Loading Documents
In this guide, we'll take a look at how to load documents with Cheerio and when to use the different loading methods.
If you're familiar with jQuery, then this step will be new to you. jQuery operates on the one, baked-in DOM. With Cheerio, we need to pass in the HTML document.
The loadBuffer
, stringStream
, decodeStream
, and fromURL
methods are not
available in the browser environment. Instead, use the load
method to parse
HTML strings.
load
The load method is the most basic way to parse an HTML or XML document with Cheerio. It takes a string containing the document as its argument and returns a Cheerio object that you can use to traverse and manipulate the document.

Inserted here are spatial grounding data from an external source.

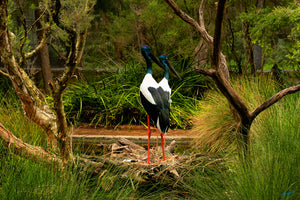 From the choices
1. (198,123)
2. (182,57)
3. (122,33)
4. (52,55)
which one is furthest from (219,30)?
(52,55)

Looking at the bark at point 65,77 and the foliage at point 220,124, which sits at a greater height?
the bark at point 65,77

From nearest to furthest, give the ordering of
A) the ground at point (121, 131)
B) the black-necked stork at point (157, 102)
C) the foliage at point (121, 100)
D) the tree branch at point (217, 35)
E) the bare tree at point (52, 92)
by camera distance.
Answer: the tree branch at point (217, 35)
the bare tree at point (52, 92)
the black-necked stork at point (157, 102)
the ground at point (121, 131)
the foliage at point (121, 100)

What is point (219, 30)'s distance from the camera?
3482 mm

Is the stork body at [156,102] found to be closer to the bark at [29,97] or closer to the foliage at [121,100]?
the bark at [29,97]

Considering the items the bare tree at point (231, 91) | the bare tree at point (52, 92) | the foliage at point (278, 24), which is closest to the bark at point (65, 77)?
the bare tree at point (52, 92)

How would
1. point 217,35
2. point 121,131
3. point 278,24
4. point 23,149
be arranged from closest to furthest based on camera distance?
point 217,35 → point 23,149 → point 278,24 → point 121,131

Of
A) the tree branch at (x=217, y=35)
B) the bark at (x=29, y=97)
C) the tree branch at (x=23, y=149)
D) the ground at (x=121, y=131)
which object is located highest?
the tree branch at (x=217, y=35)

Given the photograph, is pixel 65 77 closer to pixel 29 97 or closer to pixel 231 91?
pixel 29 97

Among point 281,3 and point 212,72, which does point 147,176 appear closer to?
point 212,72

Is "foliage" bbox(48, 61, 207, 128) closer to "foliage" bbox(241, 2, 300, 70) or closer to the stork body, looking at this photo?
"foliage" bbox(241, 2, 300, 70)

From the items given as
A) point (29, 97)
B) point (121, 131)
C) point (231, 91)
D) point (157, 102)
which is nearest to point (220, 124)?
point (157, 102)

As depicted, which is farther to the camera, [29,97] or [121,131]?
[121,131]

Here's an example of how to use the load method:
import * as cheerio from 'cheerio';
const $ = cheerio.load('<h1>Hello, world!</h1>');
console.log($('h1').text());
// Output: Hello, world!
Similar to web browser contexts, load
will introduce <html>
, <head>
, and
<body>
elements if they are not already present. You can set load
's third
argument to false
to disable this.
const $ = cheerio.load('<ul id="fruits">...</ul>', null, false);
$.html();
//=> '<ul id="fruits">...</ul>'
Learn more about the load
method in the
API documentation.
loadBuffer
The loadBuffer
method is similar to the load
method, but it takes a buffer
containing the document as its argument instead of a string. Cheerio will run
the HTML encoding sniffing algorithm to determine the encoding of the document.
This is useful when you have the document in binary form, such as when you're
reading it from a file or receiving it over a network connection.

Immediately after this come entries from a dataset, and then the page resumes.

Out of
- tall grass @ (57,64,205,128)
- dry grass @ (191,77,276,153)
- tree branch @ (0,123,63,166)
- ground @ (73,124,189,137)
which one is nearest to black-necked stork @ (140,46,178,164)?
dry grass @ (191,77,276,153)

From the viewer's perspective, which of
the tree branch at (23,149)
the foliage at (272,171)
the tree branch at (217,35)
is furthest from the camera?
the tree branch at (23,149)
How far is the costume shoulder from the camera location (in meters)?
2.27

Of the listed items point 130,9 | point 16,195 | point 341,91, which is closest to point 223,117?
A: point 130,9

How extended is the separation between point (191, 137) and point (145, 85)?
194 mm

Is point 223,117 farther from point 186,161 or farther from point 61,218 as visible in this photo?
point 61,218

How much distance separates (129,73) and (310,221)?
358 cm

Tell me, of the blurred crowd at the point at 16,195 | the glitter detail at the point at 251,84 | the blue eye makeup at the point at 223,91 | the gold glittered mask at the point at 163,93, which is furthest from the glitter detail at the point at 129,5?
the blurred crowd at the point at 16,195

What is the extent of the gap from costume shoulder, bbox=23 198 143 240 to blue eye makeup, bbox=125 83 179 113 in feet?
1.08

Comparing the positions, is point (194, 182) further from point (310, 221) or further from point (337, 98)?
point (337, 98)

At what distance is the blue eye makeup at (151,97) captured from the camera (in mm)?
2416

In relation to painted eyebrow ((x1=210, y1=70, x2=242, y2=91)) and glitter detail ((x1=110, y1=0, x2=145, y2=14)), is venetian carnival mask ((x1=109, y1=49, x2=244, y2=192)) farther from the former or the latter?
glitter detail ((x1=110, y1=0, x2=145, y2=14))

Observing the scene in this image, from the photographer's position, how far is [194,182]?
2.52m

Here's an example of how to use the loadBuffer
method:
import * as cheerio from 'cheerio';
import * as fs from 'fs';
const buffer = fs.readFileSync('document.html');
const $ = cheerio.loadBuffer(buffer);
console.log($('title').text());
// Output: Hello, world!
Learn more about the loadBuffer
method in the
API documentation.
stringStream
When loading an HTML document from a stream and the encoding is known, you can
use the stringStream
method to parse it into a Cheerio object.

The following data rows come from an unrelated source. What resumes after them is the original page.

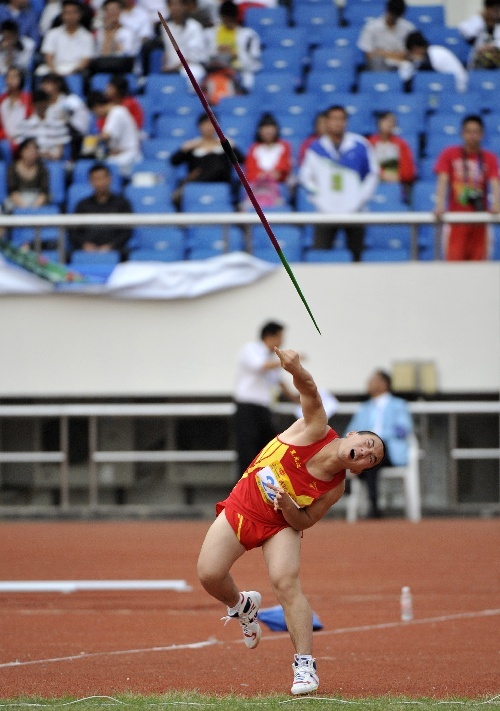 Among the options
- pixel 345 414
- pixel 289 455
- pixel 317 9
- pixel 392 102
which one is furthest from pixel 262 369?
pixel 289 455

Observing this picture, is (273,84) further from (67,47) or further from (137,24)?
(67,47)

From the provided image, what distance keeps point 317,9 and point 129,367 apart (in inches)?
265

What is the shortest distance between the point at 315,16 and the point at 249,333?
5.91 metres

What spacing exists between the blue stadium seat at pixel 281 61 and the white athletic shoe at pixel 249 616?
13.3 m

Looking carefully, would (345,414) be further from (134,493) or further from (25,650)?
(25,650)

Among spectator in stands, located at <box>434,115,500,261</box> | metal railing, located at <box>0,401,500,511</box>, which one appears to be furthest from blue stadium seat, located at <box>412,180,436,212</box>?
metal railing, located at <box>0,401,500,511</box>

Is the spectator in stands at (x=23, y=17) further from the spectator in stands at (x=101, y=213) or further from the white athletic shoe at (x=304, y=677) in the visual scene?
the white athletic shoe at (x=304, y=677)

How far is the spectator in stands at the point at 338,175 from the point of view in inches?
659

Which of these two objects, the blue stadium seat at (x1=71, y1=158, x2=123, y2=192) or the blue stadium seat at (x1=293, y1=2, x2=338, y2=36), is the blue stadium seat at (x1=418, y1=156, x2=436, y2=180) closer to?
the blue stadium seat at (x1=293, y1=2, x2=338, y2=36)

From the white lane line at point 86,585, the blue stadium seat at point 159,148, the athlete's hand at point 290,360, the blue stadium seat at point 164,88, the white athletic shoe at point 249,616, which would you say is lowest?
the white lane line at point 86,585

import * as cheerio from 'cheerio';
import * as fs from 'fs';
const writeStream = cheerio.stringStream({}, (err, $) => {
if (err) {
// Handle error
}
console.log($('title').text());
// Output: Hello, world!
});
fs.createReadStream('document.html', { encoding: 'utf8' }).pipe(writeStream);
Learn more about the stringStream
method in the
API documentation.
decodeStream
When loading an HTML document from a stream and the encoding is not known, you
can use the decodeStream
method to parse it into a Cheerio object. This method
runs the HTML encoding sniffing algorithm to determine the encoding of the
document.
Here's an example of how to use the decodeStream
method:
import * as cheerio from 'cheerio';
import * as fs from 'fs';
const writeStream = cheerio.decodeStream({}, (err, $) => {
if (err) {
// Handle error
}
console.log($('title').text());
// Output: Hello, world!
});
fs.createReadStream('document.html').pipe(writeStream);
Learn more about the decodeStream
method in the
API documentation.
fromURL
The fromURL
method allows you to load a document from a URL. This method is
asynchronous, so you need to use await
(or a then
block) to access the
resulting Cheerio object.
import * as cheerio from 'cheerio';
const $ = await cheerio.fromURL('https://example.com');
Learn more about the fromURL
method in the
API documentation.
Conclusion
Cheerio provides several methods for loading HTML documents and parsing them into a DOM structure. These methods are useful for different scenarios, depending on the type and source of the HTML data. Users are encouraged to read through each of these methods and pick the one that best suits their needs.